It's coming from Arizona. It's going to South Carolina.
It doesn't have my name on it. Except my brother has asked
that it be gift wrapped and that the card say
"Merry Christmas, Stacy". A few minutes later his phone rings
and the person says, "This is Stuart at Longfellow books. I want to thank you for your order. I just had a question about it. Is this book for Stacy Mitchell?" And my brother surprised says,
"Yeah, it is. She's my sister." And Stuart says, "Well I thought I should let you know
that she's already read it." (Laughter) (Applause) Here's what worries me. (Laughter) As remarkable as these
developments are, they're unlikely to amount
to anything than an interesting trend
on the margins of the economy if the only way that we can figure out
how to bring about the change we want to see is through
our buying decisions.

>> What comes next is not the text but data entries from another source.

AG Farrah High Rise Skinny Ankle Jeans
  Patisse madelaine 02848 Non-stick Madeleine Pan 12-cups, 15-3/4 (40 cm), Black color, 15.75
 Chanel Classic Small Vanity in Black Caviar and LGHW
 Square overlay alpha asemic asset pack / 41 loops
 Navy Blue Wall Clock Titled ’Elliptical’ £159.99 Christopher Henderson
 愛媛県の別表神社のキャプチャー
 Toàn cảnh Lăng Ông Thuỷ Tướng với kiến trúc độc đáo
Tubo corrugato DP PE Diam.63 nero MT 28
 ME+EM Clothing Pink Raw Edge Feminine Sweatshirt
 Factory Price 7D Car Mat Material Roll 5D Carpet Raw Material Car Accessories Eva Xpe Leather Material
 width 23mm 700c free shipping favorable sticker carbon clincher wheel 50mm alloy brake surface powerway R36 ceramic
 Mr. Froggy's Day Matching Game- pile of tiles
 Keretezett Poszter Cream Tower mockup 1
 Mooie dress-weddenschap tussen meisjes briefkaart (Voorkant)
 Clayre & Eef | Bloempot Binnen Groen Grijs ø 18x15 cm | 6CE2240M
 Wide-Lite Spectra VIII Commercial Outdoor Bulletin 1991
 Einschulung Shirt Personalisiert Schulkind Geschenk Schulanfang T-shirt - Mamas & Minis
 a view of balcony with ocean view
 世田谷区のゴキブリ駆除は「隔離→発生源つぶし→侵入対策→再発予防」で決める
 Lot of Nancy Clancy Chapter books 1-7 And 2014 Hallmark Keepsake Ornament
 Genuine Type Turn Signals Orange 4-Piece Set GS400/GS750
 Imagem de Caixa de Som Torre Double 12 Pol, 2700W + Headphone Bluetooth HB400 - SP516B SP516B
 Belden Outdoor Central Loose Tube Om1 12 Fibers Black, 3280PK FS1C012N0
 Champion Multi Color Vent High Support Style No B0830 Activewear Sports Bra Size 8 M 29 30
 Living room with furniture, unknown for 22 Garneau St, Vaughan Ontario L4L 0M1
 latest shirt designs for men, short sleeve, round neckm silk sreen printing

I'm like a lot of people. I put a lot of my
"making the world a better place" energy into thinking about how
I can be a better consumer. You know fair trade coffee,
recycled toilet paper, I'll get the iPad
instead of the Kindle so I won't be locked into
buying books from Amazon. The primary and often exclusive way we think about our agency
in the world now is as consumers. But as consumers we're very weak. We're operating as lone individuals
making a series of small choices. And the most we can do is pick between the options that are presented to us. And it's not that these
choices don't matter, they do and that's part of why
this way of thinking is so seductive. But it's not a great strategy
for changing the world. You know, if you think about it, what we're hoping is that some day enough of us will have enough
information about all the issues and all the choices in the marketplace and we'll have access
to all the right alternatives. And that all or most of us will be able to make the right decisions
all or most of the time. And while we're trying to line up
these millions of small decisions in the right direction,
we are swimming upstream against a powerful down
current of public policies that are taking our economy
in exactly the opposite direction. What we really need to do
is change the underlying structures that create the choices
in the first place. And we can't do that through the sum of our individual
actions in the market place. We can only do that by
acting collectively as citizens. You know, throughout our
history we have been called upon at various times to arrest
control of our livelihoods and our democracy
from would-be monopolists. The British East India Company,
the trusts of the early 20th century. This is one of those moments. It's not hard to imagine
what we would campaign for. We could begin by turning
the Farm Bill on its head. Instead of giving the most
money to the biggest farmers feeding the fast food pipeline, why not give the most money
to local farms feeding their neighbors? We should rethink how we
do planning and transportation. You know for decades we have been
just pouring public resources into creating the kinds of landscapes
that are perfect habitat for national chains. Meanwhile our village centers
and our downtowns, we're just pulling the rug
out from under them. The places where local businesses
are most likely to succeed. You know it's no coincidence that Vermont, which has some of the strongest
anti-sprawl legislation in the country, also has more small businesses
per capita than any other state. And it's not hard to imagine
having a banking system that supported the real economy. Because we had that system
in place for more than half a century. From laws that were in place
from the 1930's until the 1990's prevented banks
from speculating on Wall Street. And they also limited their ability
to expand beyond state lines. So they had to stay focused
on their home regions. There are bills in congress
right now that would begin to reinstate some of that framework. And we should close all those
loopholes that give big businesses an advantage when paying their taxes. Just image if we took
a small amount of the savings and redirected it to
new initiatives to grow a whole new generation
of local businesses. We could take a page
from a great Pennsylvania program that in the last few years
has seeded over 100 locally owned and cooperatively owned grocery
stores in low-income neighborhoods. And I think we also need to pull
antitrust out of its 30-year hiatus. I think there is some important questions
that we really need to be asking like: Is it in our best interest
that one company controls more than
a third of e-commerce? Does my local dairy
farmer deserve to have more than one choice about
where to sell her milk? So the answers are there and
the public support is largely there. The question that I think
we have to grapple with is how do we begin to see our
trips to the farmers' market and to the local bookstore, not as the answer but as a first step. How do we transform this remarkable consumer
trend into something more? How do we make it
a political movement? Thank you. (Applause) (Cheers)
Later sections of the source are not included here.